╔══

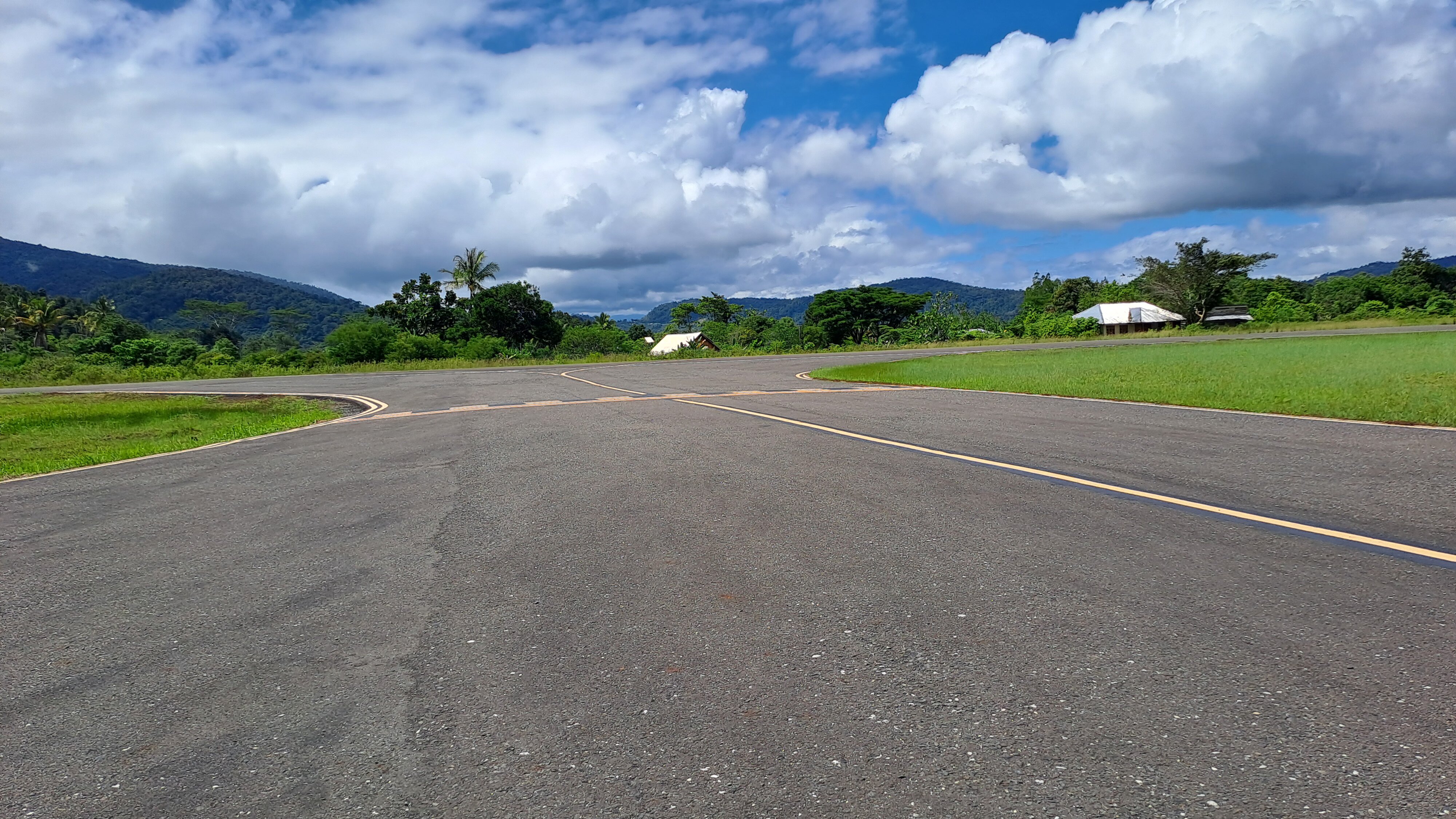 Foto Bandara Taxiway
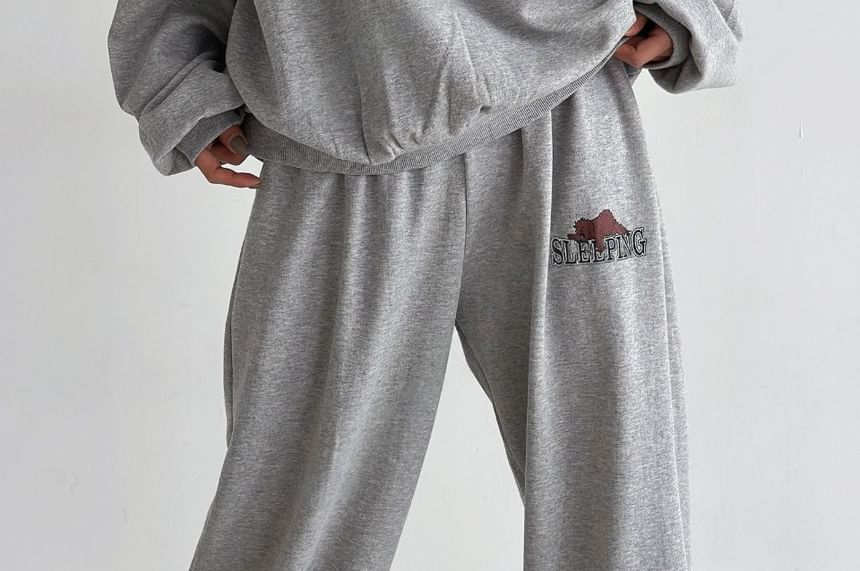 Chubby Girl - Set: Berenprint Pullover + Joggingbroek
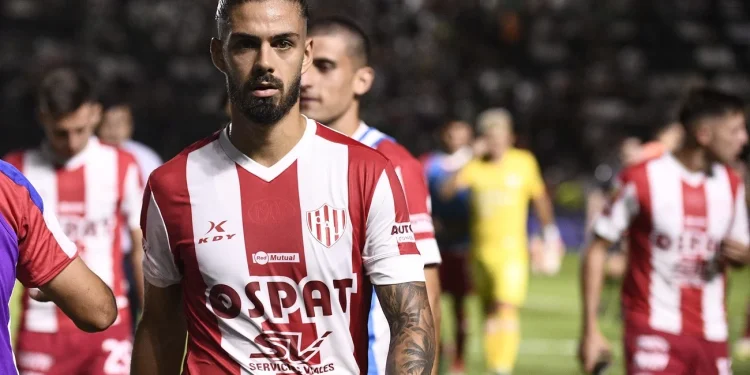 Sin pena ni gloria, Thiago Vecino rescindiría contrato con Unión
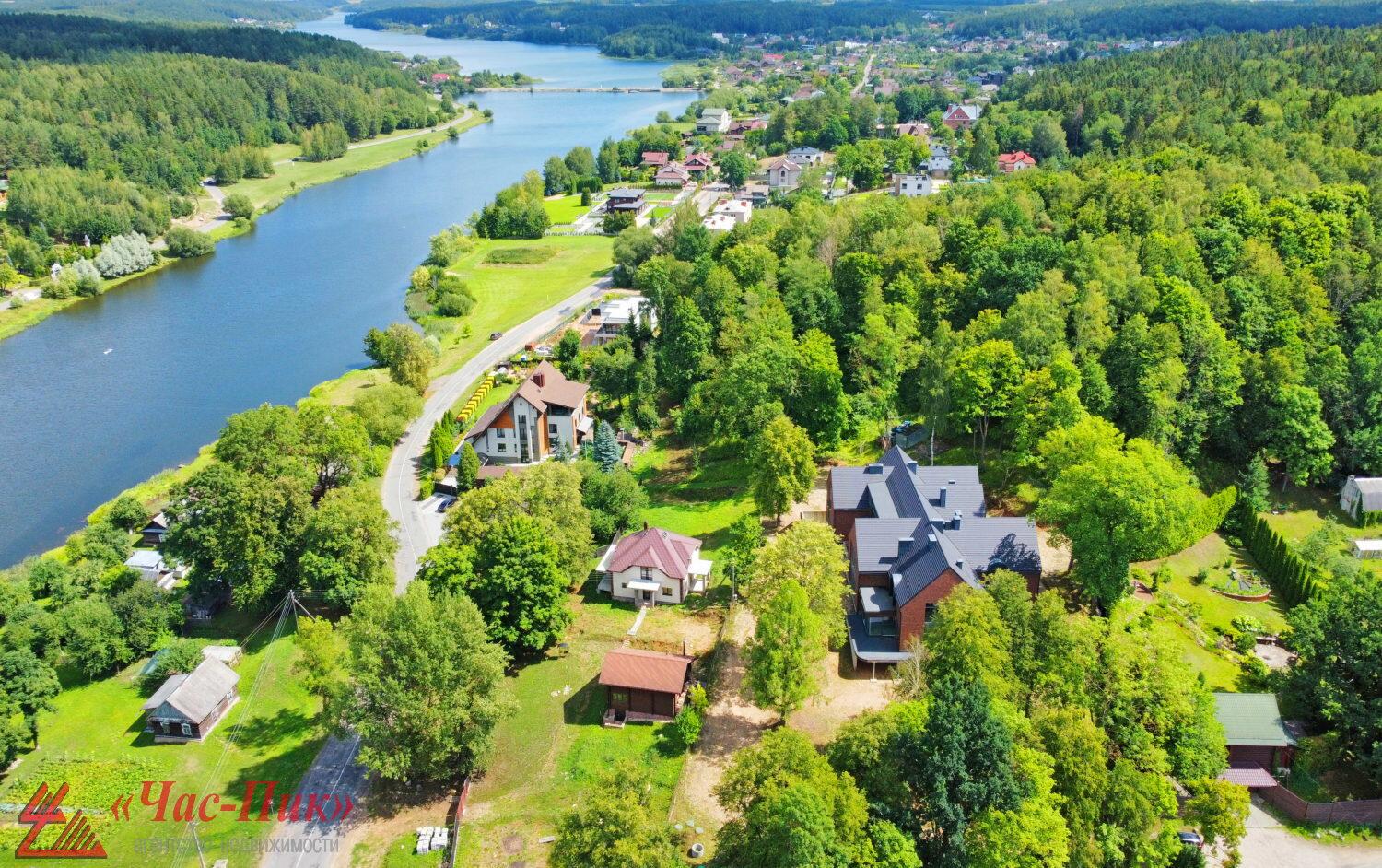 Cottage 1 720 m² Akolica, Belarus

╚══

• Activity:
Print the listing exactly, pictures excluded.

• Task answer:
 Foto Bandara Taxiway
 Chubby Girl - Set: Berenprint Pullover + Joggingbroek
 Sin pena ni gloria, Thiago Vecino rescindiría contrato con Unión
 Cottage 1 720 m² Akolica, Belarus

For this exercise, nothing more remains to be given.